FDA Approves Medtronic's Micra AV to Treat Atrioventricular Block

January 21, 2020—Medtronic announced it has received FDA approval of Micra AV, the company’s small pacemaker with atrioventricular (AV) synchrony. Micra AV is indicated for the treatment of patients with AV block, a condition in which the electrical signals between the chambers of the heart are impaired. Medtronic will begin training field personnel and physicians and will activate a limited number of implanting centers in the coming weeks. A full commercial launch is anticipated later this spring.

Medtronic's Micra AV is identical in size and shape to the original Micra TPS transcatheter pacing system, which was approved by the FDA in 2016 as a leadless pacemaker option for patients who only require pacing in the right ventricle. However, the new device has several additional internal atrial sensing algorithms that detect cardiac movement, allowing the device to adjust pacing in the ventricle to coordinate with the atrium, providing “AV synchronous” pacing therapy to patients with AV block. Micra does not require leads or a surgical "pocket" under the skin, noted Medtronic.

In the company's announcement, cardiac electrophysiologist Larry Chinitz, MD, Director, NYU Langone’s Heart Rhythm Center, New York, New York, commented, "With the approval of Micra AV, more pacemaker patients qualify for a new treatment option that offers the advantages of leadless pacing, including a minimally invasive implant procedure and a cosmetically invisible device.

"Although complications with traditional pacemakers are infrequent, when they occur, they’re expensive to treat and can be invasive for the patient. Real-world use of Micra has shown a 63% reduction in major complications compared to traditional pacemakers."

The Micra AV approval is based on data from the MARVEL 2 study of Micra atrial tracking using a ventricular accelerometer that evaluated the safety and effectiveness of accelerometer-based atrial sensing algorithms. The study evaluated the ability of the device’s internal sensor to monitor and detect atrial contractions and enable coordinated pacing between the atrium and ventricle, thereby providing AV synchrony.
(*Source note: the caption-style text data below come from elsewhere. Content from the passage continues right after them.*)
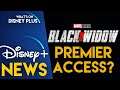 Cinema Boss Blames Black Widow Performance On Disney+ Premier Access | Disney Plus News
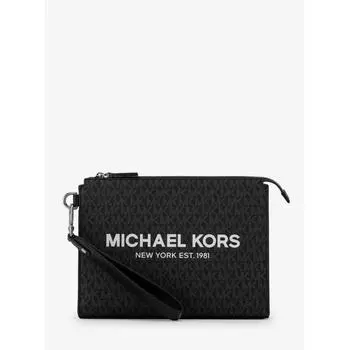 КОШЕЛЕК MICHAEL KORS COOPER БОЛЬШОЙ 37R4LCOU9B1 ЧЕРНЫЙ
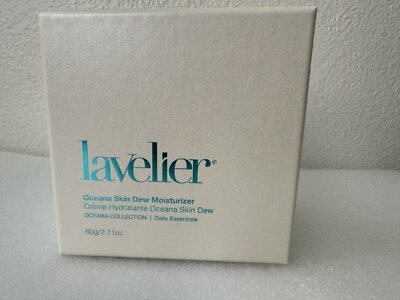Lavelier Oceana Skin Dew Mosturizer 2.11oz MSRP $350
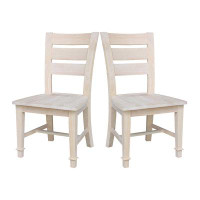 August Grove Toby Solid Wood Dining Chair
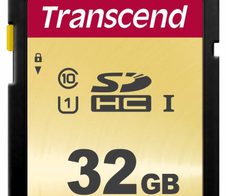 Transcend SDC500S Speicherkarte 32 GB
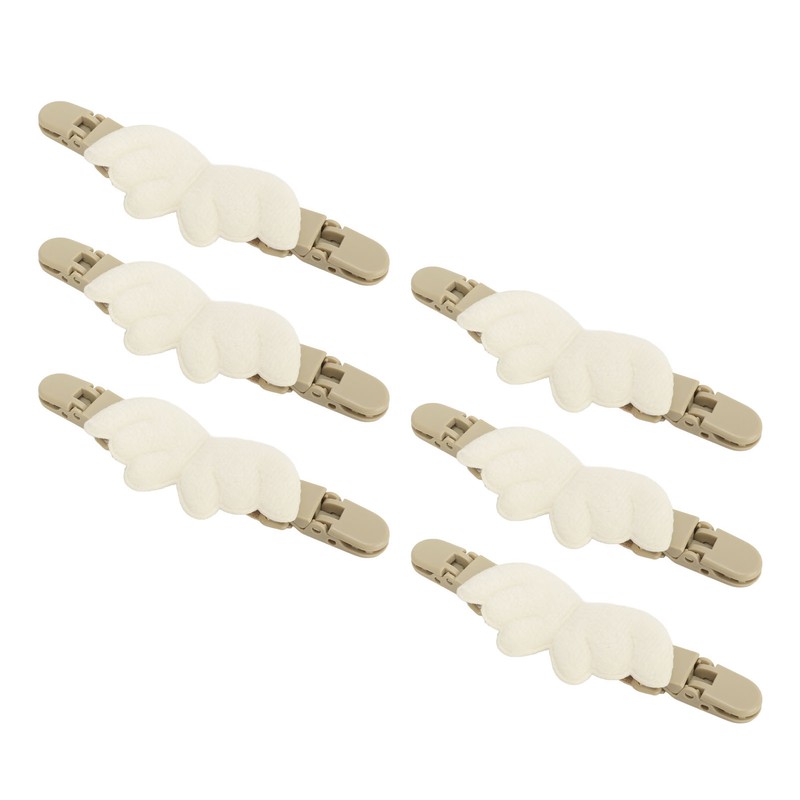 10Pcs Cinch Clip Clothing Clips Duckbill Shape Buckle Holder Accessory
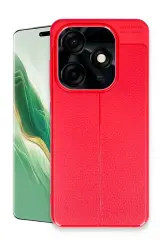 Newface Tecno Spark Go 2024 Kılıf Auto Focus Kapak - Kırmızı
According to Medtronic, MARVEL 2 showed the primary efficacy objective was met, with a significantly greater percentage of complete heart block patients with normal sinus rhythm having > 70% AV synchrony during algorithm-mediated AV synchronous pacing (38/40 [95%] patients) than VVI pacing (0 patients; P < .001 for proportion of patients with > 70% synchrony). The study’s primary safety objective was also met, with no pauses or episodes of pacing-induced tachycardia reported during algorithm-mediated AV synchronous pacing.

In November 2019, results from the study were presented at the American Heart Association 2019 Scientific Sessions and published simultaneously by Clemens Steinwender, MD, et al in Journal of the American College of Cardiology: Clinical Electrophysiology (2020;6:94–106).